Las furias que agitaban desde siempre el alma de mi padre se desataron ante el cúmulo de desgracias, la hija "perdida" según él, la esposa que lo "arruinaba" también según él, siendo él quien nos arruinaba a ambas con esa cólera que lo desbordaba a él mismo, lo sacaba de su propia piel y lo convertía en una tormenta física, una tempestad en descampado, una agitación de árboles secos y páramos estériles y cielos encabronados, Bernal, una furia encrespada como una resurrección de todas las estaciones muertas de su propia vida, primaveras mudas, veranos sin piedad, otoños negros, inviernos descontentos, sí, Bernal, mi padre desatado, como si no le bastara envenenarse a sí mismo sin enfermar al mundo entero.
– ¡Mi hija la puta de un comunista! -aullaba como un animal-. ¡Mi hija la amante de un hombre que acosó a mi familia y quiso arruinar a todos los Barroso! ¡Mi nieto con la sangre envenenada!
Puta, cerda, a la pocilga, me gritaba, me pegaba, arrancando el mantel de la mesa, destruyendo la vajilla, manchando los tapetes, todo ello ante mi madre inmóvil, fría, toda ella de negro, recriminando a mi padre con una mirada mortal, hasta levantarse y sacar de la bolsa la pistola, constatar el fugaz asombro de mi padre, que a su vez sacó su pistola del cinturón y los dos se enfrentaron como en un grabado de Posada o una película de Tarantino, apuntándose el uno al otro y yo en medio, golpeada, aterrada, dispuesta a separarlos, pero vencida por mi propio vientre, por la voluntad incontenible de salvar a mi hijo, nuestro hijo…

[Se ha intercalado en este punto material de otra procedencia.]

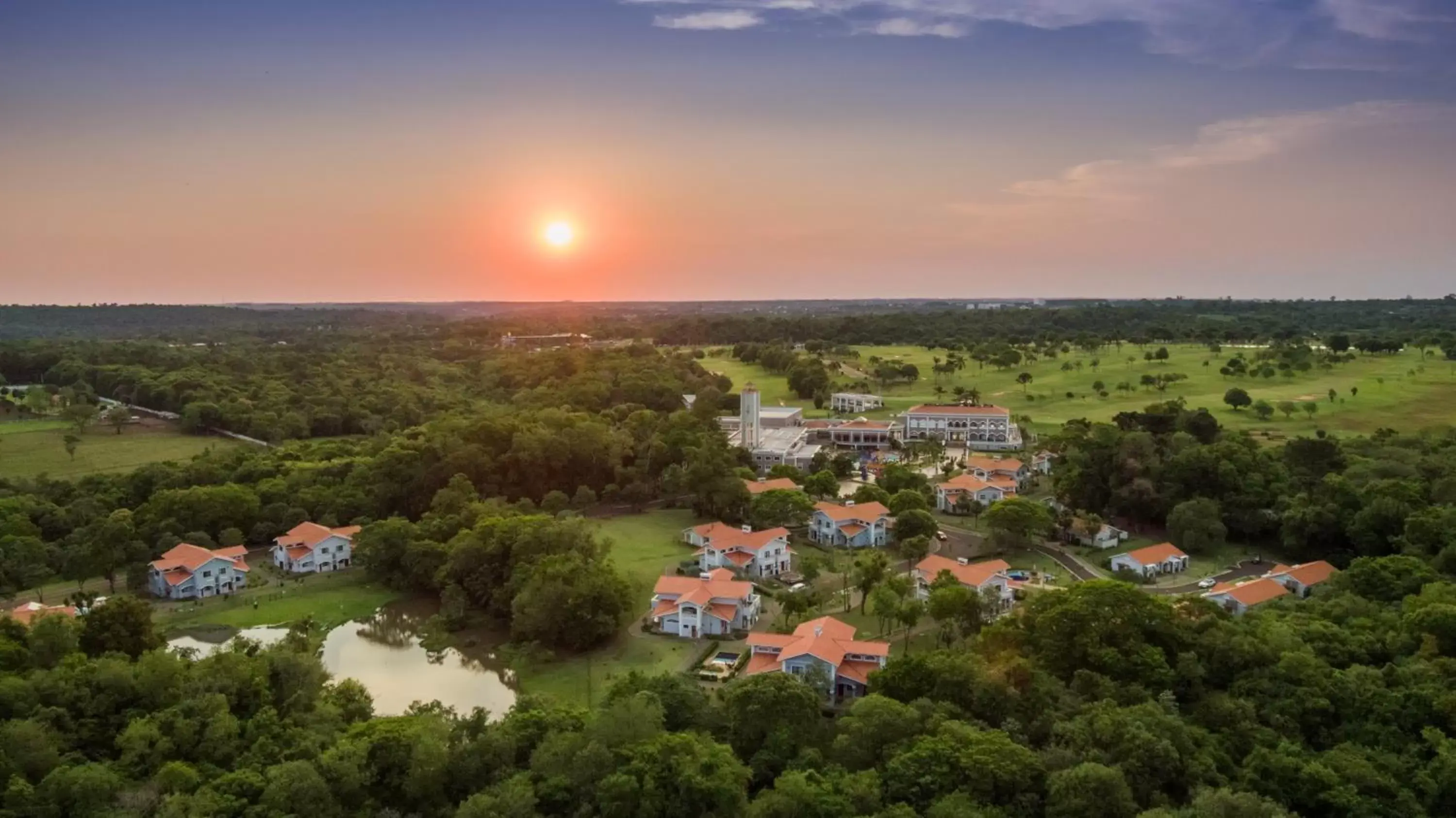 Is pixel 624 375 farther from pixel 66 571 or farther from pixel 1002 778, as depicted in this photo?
pixel 1002 778

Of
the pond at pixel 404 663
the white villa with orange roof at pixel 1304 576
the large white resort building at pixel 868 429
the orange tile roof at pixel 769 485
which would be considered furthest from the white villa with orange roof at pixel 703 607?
the large white resort building at pixel 868 429

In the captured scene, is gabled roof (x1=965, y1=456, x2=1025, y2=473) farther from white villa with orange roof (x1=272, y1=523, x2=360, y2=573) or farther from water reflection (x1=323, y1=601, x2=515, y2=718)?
white villa with orange roof (x1=272, y1=523, x2=360, y2=573)

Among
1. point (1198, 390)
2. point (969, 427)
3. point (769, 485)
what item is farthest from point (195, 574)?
point (1198, 390)

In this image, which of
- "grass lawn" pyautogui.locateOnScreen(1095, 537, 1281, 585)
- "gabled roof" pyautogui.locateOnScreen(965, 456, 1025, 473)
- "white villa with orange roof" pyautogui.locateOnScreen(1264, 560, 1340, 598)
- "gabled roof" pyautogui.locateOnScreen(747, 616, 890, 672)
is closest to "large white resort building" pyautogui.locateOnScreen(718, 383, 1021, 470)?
"gabled roof" pyautogui.locateOnScreen(965, 456, 1025, 473)

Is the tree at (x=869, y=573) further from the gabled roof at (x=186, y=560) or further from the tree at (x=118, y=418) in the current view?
the tree at (x=118, y=418)

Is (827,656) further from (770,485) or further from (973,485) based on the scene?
(973,485)

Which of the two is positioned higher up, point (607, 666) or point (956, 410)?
point (956, 410) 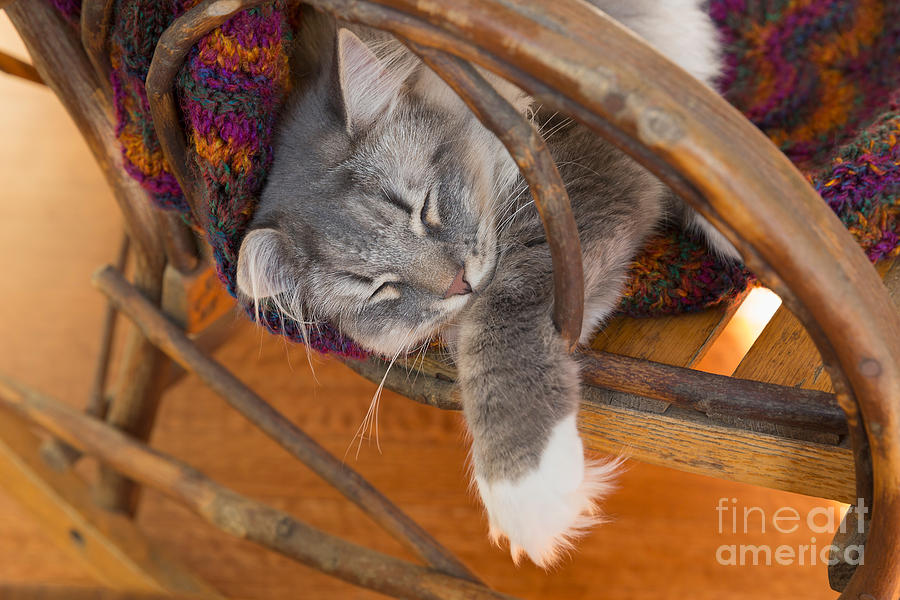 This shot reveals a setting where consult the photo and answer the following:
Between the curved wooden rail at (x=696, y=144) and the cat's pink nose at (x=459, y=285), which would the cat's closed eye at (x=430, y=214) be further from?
the curved wooden rail at (x=696, y=144)

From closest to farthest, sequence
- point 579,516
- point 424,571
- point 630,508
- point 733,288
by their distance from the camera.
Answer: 1. point 579,516
2. point 733,288
3. point 424,571
4. point 630,508

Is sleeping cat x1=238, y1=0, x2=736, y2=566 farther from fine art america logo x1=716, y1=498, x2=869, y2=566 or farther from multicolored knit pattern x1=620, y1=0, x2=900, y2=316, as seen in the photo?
fine art america logo x1=716, y1=498, x2=869, y2=566

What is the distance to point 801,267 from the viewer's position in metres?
0.40

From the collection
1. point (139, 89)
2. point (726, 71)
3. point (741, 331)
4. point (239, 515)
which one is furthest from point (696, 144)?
point (741, 331)

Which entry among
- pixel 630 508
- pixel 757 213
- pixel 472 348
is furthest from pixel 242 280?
pixel 630 508

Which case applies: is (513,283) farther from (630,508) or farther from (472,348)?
(630,508)

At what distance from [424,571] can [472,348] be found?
37cm

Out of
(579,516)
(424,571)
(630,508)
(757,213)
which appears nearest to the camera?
(757,213)

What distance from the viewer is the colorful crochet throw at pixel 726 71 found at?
699mm

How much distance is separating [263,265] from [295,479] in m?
1.09

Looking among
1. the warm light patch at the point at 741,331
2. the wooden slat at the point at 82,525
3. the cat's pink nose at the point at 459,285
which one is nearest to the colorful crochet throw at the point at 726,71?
the cat's pink nose at the point at 459,285

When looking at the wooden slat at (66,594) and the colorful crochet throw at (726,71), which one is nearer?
the wooden slat at (66,594)

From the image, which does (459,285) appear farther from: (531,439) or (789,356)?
(789,356)

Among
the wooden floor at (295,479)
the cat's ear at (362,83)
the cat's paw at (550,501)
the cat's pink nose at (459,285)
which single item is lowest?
the wooden floor at (295,479) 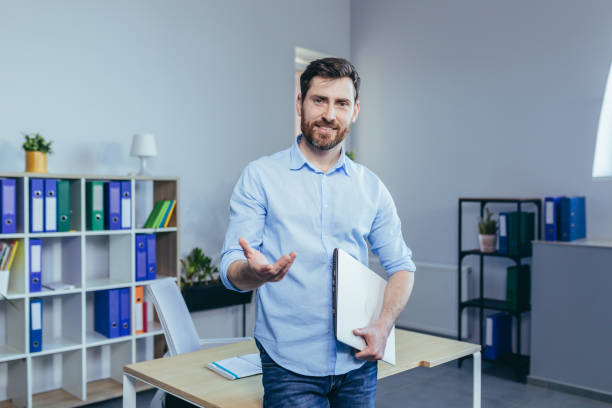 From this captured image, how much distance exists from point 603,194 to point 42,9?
A: 13.2 ft

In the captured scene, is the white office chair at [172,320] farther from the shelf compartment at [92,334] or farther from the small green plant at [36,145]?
the small green plant at [36,145]

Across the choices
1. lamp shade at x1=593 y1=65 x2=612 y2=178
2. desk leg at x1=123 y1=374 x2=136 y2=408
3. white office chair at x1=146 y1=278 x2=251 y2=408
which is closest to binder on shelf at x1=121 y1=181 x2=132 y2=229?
white office chair at x1=146 y1=278 x2=251 y2=408

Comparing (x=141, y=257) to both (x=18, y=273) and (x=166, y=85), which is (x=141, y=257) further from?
(x=166, y=85)

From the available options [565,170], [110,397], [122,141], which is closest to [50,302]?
[110,397]

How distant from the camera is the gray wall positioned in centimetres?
344

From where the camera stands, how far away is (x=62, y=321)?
3.55 meters

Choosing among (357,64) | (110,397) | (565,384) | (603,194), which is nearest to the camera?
(110,397)

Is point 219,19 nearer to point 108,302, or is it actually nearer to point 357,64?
point 357,64

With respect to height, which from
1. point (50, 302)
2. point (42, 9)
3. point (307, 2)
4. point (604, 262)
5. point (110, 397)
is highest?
point (307, 2)

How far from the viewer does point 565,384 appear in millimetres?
3648

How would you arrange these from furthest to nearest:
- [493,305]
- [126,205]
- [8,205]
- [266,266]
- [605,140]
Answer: [493,305] → [605,140] → [126,205] → [8,205] → [266,266]

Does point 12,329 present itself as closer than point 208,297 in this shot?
Yes

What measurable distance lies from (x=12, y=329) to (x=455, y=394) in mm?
2817

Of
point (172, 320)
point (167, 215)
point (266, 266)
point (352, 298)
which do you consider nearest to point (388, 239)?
point (352, 298)
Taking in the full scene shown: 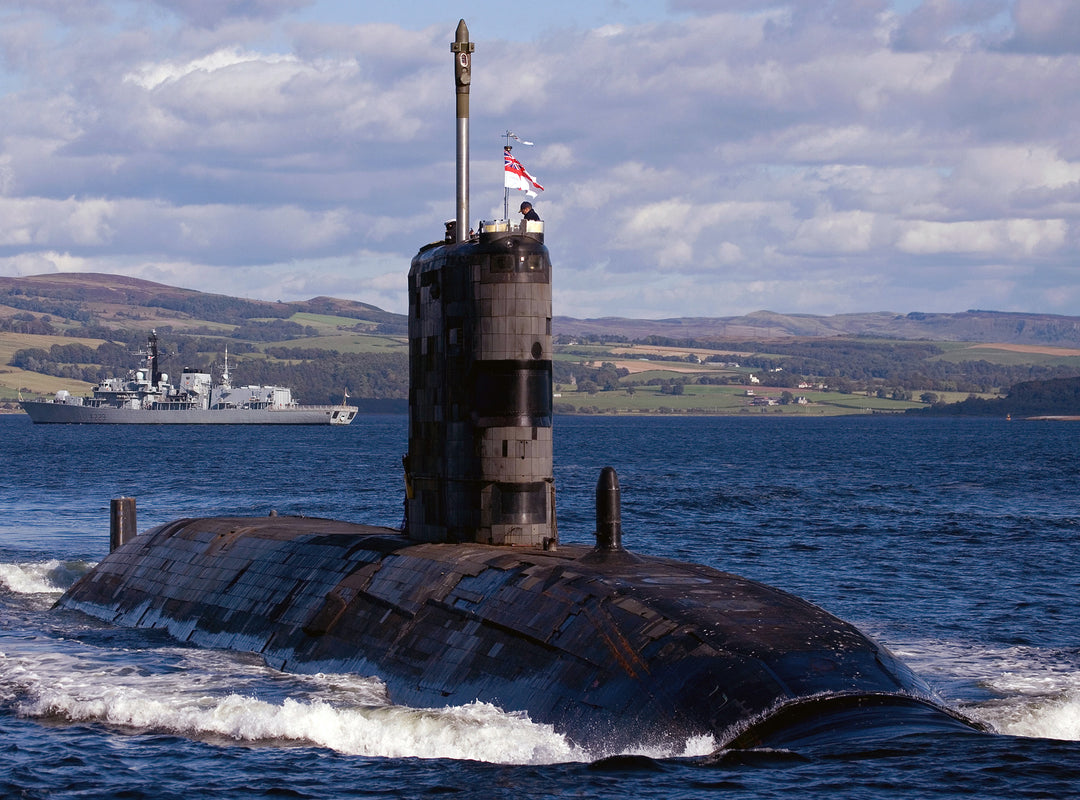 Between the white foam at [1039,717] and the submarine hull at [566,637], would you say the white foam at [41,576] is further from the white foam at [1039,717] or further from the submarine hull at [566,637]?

Me distancié de las figuras oscuras y obscenas de mis padres. Me fui retirando de espaldas, fuera del comedor. Los vi mirándose con un odio que tenía signos de dólares y de dolores en las pupilas. Uno frente al otro, armados, apuntándose, midiéndose, ¿quién dispararía primero? El duelo venía de lejos.
Grité, fuera del comedor, tapándome los oídos para no escuchar los disparos, temblando, abrazando mi vientre, sin atreverme a regresar al comedor.
Estaban muertos.
Mi padre de bruces sobre la mesa, absurdamente arañándola y con la cara medio hundida en un plato de fresas con crema.
Mi madre escondida bajo la mesa, la falda negra levantada hasta el sexo. Vi por primera vez la blancura lechosa de sus piernas. Usaba tobilleras, me dije con incongruencia.
Estaban muertos los dos.
Heredé la fortuna de ambos. Liquidé las deudas de mi padre. Salvé las acciones de mi madre. La compañía cervecera fue comprensiva y hasta generosa conmigo. Pero ganó la mala suerte. O más bien, la buena suerte llegó acompañada de la mala, como sucede casi siempre.
– ¡Qué chaparra está mi fortuna! ¿Cuándo la veré crecer? -como decía el difunto general Arruza.